Looking back on his time as Tarzan, Weissmuller admitted, "It was like stealing. There was swimming in it, and I didn't have much to say. How can a guy climb trees, say 'Me Tarzan, you Jane,' and make a million?" But he did. What he didn't get were residuals when the films aired on television or a percentage of the profits - until late in his career. Weissmuller was also frustrated with almost twenty years of monosyllabic dialog. "I really wanted to say a line or two, and besides, somebody had finally gotten some basic fact about income tax through my thick head. I didn't own a bit of the Tarzan shows - I just had a salary - so I went looking for something else." When his contract with MGM was over, Weissmuller moved over to RKO studios for the Jungle Jim series in 1948 and Sheffield came with him (Maureen O'Sullivan left the Tarzan series after Tarzan's New York Adventure in 1942). Of course, Weissmuller had tried to escape the Tarzan character by appearing in Swamp Fire in 1946 but it didn't bring better acting opportunities. "I played a Navy lieutenant in that one. I took one look [at it] and went back to the jungle." His last Tarzan film, Tarzan and the Mermaids had been released in 1948, and now, for the first time in 16 years, he was no longer associated with the Tarzan franchise. Weissmuller began the Jungle Jim series for Columbia that same year, which he described as "Tarzan wearing a shirt, but they were making money for me, so I didn't mind too much. Kind of missed Tarzan, though." Jungle Jim would become a television series for the 1955-56 season with Weissmuller in the title role.
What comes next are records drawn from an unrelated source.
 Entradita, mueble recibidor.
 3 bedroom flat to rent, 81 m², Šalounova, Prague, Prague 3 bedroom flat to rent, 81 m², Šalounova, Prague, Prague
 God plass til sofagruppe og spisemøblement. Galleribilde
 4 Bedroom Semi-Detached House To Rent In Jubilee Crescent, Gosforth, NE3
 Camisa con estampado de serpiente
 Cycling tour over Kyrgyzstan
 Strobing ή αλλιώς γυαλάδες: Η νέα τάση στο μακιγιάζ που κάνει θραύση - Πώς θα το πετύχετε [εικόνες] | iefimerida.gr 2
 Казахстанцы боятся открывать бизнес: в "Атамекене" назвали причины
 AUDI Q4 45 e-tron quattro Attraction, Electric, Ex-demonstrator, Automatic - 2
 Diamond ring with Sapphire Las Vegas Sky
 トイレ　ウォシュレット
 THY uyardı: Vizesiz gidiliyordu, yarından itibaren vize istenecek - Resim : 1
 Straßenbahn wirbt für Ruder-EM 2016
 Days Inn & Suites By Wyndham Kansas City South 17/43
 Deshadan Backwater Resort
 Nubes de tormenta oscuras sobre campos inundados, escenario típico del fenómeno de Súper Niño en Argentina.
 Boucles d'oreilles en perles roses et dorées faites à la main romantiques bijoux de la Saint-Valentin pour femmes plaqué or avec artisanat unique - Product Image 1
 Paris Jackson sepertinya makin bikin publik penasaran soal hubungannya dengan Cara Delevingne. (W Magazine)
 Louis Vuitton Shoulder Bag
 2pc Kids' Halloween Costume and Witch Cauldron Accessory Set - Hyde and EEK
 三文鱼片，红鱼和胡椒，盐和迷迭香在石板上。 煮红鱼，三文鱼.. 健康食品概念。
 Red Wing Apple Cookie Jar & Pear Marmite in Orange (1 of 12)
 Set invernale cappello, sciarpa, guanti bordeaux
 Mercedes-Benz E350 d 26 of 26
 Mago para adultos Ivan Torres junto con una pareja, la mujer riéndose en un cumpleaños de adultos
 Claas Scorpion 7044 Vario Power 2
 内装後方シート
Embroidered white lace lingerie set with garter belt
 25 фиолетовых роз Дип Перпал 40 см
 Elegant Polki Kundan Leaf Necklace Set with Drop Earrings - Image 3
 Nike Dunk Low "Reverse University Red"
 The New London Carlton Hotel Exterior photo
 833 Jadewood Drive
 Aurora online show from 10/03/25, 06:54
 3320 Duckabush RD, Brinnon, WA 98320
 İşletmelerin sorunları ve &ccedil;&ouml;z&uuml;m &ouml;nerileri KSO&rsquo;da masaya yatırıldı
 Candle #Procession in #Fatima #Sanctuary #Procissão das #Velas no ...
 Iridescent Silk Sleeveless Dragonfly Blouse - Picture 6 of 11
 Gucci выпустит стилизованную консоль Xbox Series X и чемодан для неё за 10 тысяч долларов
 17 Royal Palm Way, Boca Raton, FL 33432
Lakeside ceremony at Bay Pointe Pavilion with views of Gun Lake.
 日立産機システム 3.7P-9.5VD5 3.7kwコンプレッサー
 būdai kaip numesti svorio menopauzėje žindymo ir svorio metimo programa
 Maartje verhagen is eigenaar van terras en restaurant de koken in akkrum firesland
When his film and television career was over, Weissmuller went back to Chicago and opened up a swimming pool company that bore his name. He then moved to Florida in the 1960s to serve as Director at the Swimming Hall of Fame. In 1973, he became a greeter for a Las Vegas hotel until a fall broke his leg. During his hospitalization, he suffered the first of a series of heart attacks and strokes. These caused him a long stay in the hospital, before being transferred to the Motion Picture Country Hospital in Woodland Hills, California. There, he is reported to have frequently done his "Tarzan yell" in the middle of the night, which disturbed the other residents. This caused a petition for conservatorship to be filed and he had to be removed from the hospital. He moved to Acapulco in May 1979, and lived there with his sixth wife until his death on January 20, 1984 at the age of 79.